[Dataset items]
=-=-=
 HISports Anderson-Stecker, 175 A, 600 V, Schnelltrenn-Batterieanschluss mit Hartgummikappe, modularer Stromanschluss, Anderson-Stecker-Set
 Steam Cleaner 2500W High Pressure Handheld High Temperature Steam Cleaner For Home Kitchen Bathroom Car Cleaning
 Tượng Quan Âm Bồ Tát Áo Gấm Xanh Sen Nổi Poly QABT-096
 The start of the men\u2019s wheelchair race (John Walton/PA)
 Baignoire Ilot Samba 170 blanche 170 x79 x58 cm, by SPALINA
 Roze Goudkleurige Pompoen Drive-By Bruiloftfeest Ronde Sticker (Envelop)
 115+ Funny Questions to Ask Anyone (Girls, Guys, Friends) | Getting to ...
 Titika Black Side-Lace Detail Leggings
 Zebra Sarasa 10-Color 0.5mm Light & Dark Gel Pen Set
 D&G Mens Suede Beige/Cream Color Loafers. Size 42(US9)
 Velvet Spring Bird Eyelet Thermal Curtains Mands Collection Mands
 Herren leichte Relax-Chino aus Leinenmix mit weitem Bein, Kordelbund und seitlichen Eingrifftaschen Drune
=-=-=
▶ [Task description] Print every line from the one that contains "Zebra Sarasa 10-Color" to the end of the records, exactly as written, and nothing more.

▶ [Answer section]
 Zebra Sarasa 10-Color 0.5mm Light & Dark Gel Pen Set
 D&G Mens Suede Beige/Cream Color Loafers. Size 42(US9)
 Velvet Spring Bird Eyelet Thermal Curtains Mands Collection Mands
 Herren leichte Relax-Chino aus Leinenmix mit weitem Bein, Kordelbund und seitlichen Eingrifftaschen Drune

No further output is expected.